Expectation values for expanded wave functions

[betba]

So I'm a little confused on the notation when working with wave functions constructed as a linear combination of an orthornormal basis set. Like on the form:

$\Phi$=Ʃ_n c_nψ_n

If I want to find the expectation value represented by the operator O for the state described by $\Phi$, I would calculate the inner product between $\Phi$ and O$\Phi$, like:

<$\Phi$|O|$\Phi$> = ∫dq $\Phi$*(q)O$\Phi$(q) (assuming $\Phi$ is normalized so <$\Phi$|$\Phi$> = 1)

And now comes the question: When I insert the expanded wave function, why is 2 different indices used for the summations/basis functions:

<$\Phi$|O|$\Phi$> = ∫dq(Ʃ_n c_n*ψ_n*)O(Ʃ_m c_mψ_m)

This is how the derivations look like in most textbooks, and I don't understand the difference between n and m. I would think the indices should be the same, as it is the same wave function, $\Phi$.

Thanks in advance!

 

[cgk]

That is not an issue of wave functions or quantum mechanics. That is simply algebra: how you expand the product of a sum. Observe:
$$(a+b+c)*(a+b+c) = a*(a+b+c) + b*(a+b+c) + c*(a+b+c) = a*a + a*b + a*c + b*a + b*b + ...$$
That is exactly what you are doing in this case. Note that the result is not simply
$$a*b+b*b+c*c.$$

 

[betba]

But why use 2 different sums for the same wave function? $\Phi$ is equal to Ʃ_nc_nψ_n, not Ʃ_mc_mψ_m.
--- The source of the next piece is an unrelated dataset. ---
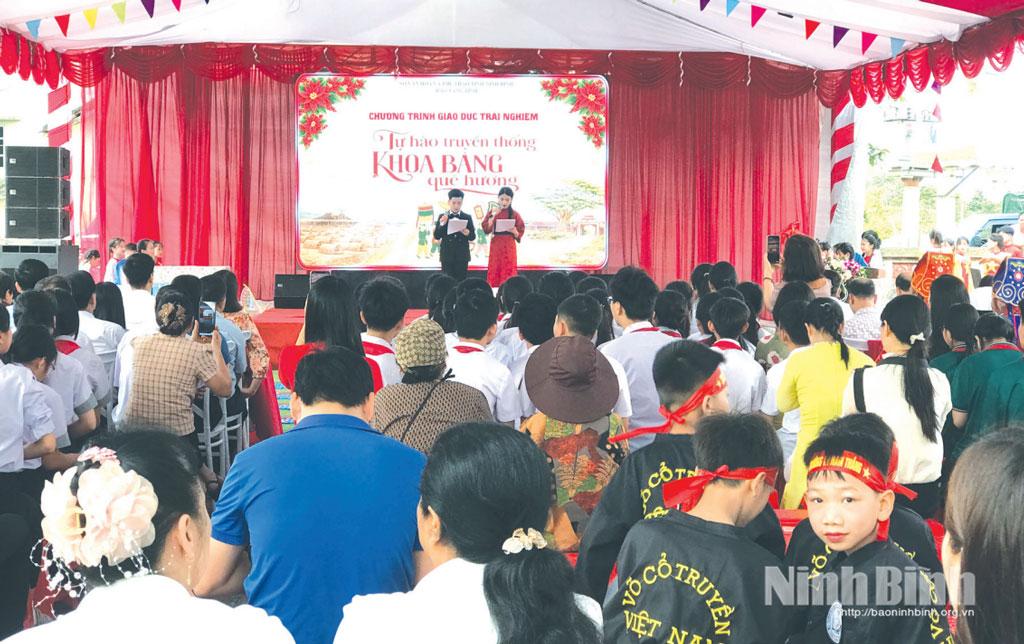 Bảo tàng tỉnh Ninh Bình phối hợp với xã Nam Hồng tổ chức chương trình giáo dục truyền thống cho học sinh trên địa bàn với chủ đề “Tự hào truyền thống khoa bảng quê hương”.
Or cleary it is, but then n = m?? Then why not just only use n in the first place?

 

[cgk]

But why use 2 different sums for the same wave function? $\Phi$ is equal to Ʃ_nc_nψ_n, not Ʃ_mc_mψ_m. Or cleary it is, but then n = m?? Then why not just only use n in the first place?

$\Phi=\sum c_n \Psi_n$ is the short form for $\Phi=\Psi_1 + \Psi_2 + \Psi_3 + \ldots + \Psi_N$. Please think for a second about what happens when you insert this expression in two places into an expression like $\Phi\cdot\Phi$. Play it through with an example with two terms if you must. Again, this has nothing at all to do with quantum mechanics or wave functions: This is elementary algebra, expanding the product of two sums!

 

[betba]

Im not sure what your point is (maybe I am just very bone-headed). I know how to expand the product of 2 sums. Thats not the problem. The problem is inserting 2 different expressions for the same wave function. Like putting it your way:

$\Phi$ = $\psi$₁ + $\psi$₂ + $\psi$₃...$\psi$_n

When calculating the product $\Phi$*$\cdot$$\Phi$ I insert the expression for $\Phi$:

($\psi$₁ + $\psi$₂ + $\psi$₃...$\psi$_n)*$\cdot$($\psi$₁ + $\psi$₂ + $\psi$₃...$\psi$_n) and get n² terms. Here I clearly inserted the same expression for $\Phi$.
In all textbooks I've read so far, what is actually inserted is:

$\Phi$*$\cdot$$\Phi$ = ($\psi$₁ + $\psi$₂ + $\psi$₃...$\psi$_n)*$\cdot$($\psi$₁ + $\psi$₂ + $\psi$₃...$\psi$_m)

What does this m mean? Why don't they use n for both sums. Its the same wave function?

A link to a derivation of the variational method/principle http://vergil.chemistry.gatech.edu/notes/quantrev/node28.html

Here the indices i and j are used interchangeably, and I don't understand why.

 

[ZealScience]

I think that n and m are index of summation. If you have learned mathematics about Σ summation you should have known that these numbers mean sum over these numbers of terms.

In quantum mechanics, states are usually represented by these wave functions and bras and kets. Then these numbers are basically number of eigenkets or eigenfunctions that can form a complete set which is a basis. Basis are just like x y z in describing position. This is my personal view.

 

[ZealScience]

Basis in quantum mechanics are like tossing a quantum coin with eigenkets |head> and |tail>, which are sufficient to describe the whole system.